Fletcher would have loved for that to happen as it would have been a nice way to celebrate his hundredth Test as coach of an international side. But he did not want to be drawn in by the media concern over Zaheer's injury and its possible impact on the match and the rest of the series. He would only say it would be wise to wait till tomorrow before talking about the future.

The injury was an unfortunate incident that is bound to affect the predictions for the series because till he went back to the dressing room Zaheer was simply unplayable. Everyone had anointed him India's lynchpin and his contests with Andrew Strauss, Alastair Cook, Jonathan Trott and Kevin Pietersen were the ones the full-house at Lord's sat quietly in anticipation of.

Zaheer did not disappoint. He came into the match on the back of going wicketless in a practice game against Somerset, followed by light training - stretching and conditioning mostly - sessions in the two days leading up to the Test match.

It would not be an overstatement to say Zaheer is currently the most complete seam bowler in the world. Dale Steyn might be at the top of the ICC's Test bowling rankings but he relies on uncompromising pace and away movement to trap his victims. Zaheer's skills are more varied: he can swing the new ball both ways, also cut the old ball both ways, and then cup the ball when it is roughed up on one side to reverse swing it. He does all that while using the crease and bowling from both over and around the wicket. The batsman never knows what Zaheer is thinking.

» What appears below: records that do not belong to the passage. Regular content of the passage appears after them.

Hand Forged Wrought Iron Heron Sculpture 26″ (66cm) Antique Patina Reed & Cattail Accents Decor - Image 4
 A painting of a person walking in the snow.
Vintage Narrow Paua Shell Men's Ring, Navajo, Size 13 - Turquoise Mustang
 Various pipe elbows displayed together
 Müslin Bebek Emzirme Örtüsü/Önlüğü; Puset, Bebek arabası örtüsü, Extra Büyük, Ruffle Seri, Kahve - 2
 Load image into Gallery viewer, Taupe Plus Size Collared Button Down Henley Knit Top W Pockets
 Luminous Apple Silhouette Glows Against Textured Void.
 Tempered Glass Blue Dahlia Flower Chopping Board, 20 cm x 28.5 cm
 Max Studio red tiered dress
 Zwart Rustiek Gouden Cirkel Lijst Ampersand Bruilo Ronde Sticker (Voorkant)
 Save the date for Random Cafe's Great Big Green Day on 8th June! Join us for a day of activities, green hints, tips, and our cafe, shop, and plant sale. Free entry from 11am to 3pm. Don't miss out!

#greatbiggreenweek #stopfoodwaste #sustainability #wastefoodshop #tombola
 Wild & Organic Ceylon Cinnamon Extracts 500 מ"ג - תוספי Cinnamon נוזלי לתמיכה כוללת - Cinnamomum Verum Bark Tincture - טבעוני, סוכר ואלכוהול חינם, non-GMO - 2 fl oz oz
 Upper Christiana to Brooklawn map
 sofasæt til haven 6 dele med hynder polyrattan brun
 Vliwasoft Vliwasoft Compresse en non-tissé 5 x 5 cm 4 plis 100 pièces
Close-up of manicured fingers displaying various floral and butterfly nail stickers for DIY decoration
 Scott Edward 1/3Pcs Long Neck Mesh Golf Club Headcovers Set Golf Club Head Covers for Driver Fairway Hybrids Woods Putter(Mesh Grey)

Just like bowlers stay away from engaging men like Sachin Tendulkar in verbal jousts, batsmen do not like engaging themselves in a duel with Zaheer. England would know that better than anybody after Zaheer flattened them at Trent Bridge on India's last tour in 2007, picking up nine wickets after being riled up by the jelly beans incident. Back then he had been England's bugbear, bowling unplayable lines from around the wicket to overwhelm them.

In his first spell of this tour he had both England's left-hand opening batsmen on a string. Cook had already been left guessing by Praveen Kumar, who started off with two exquisite deliveries that moved away from the left-hander. Zaheer's ploy was more complex: he drew Cook out by bowling outswingers and then suddenly darted one into him. He then caught Cook off guard with a delivery that straightened on leg stump.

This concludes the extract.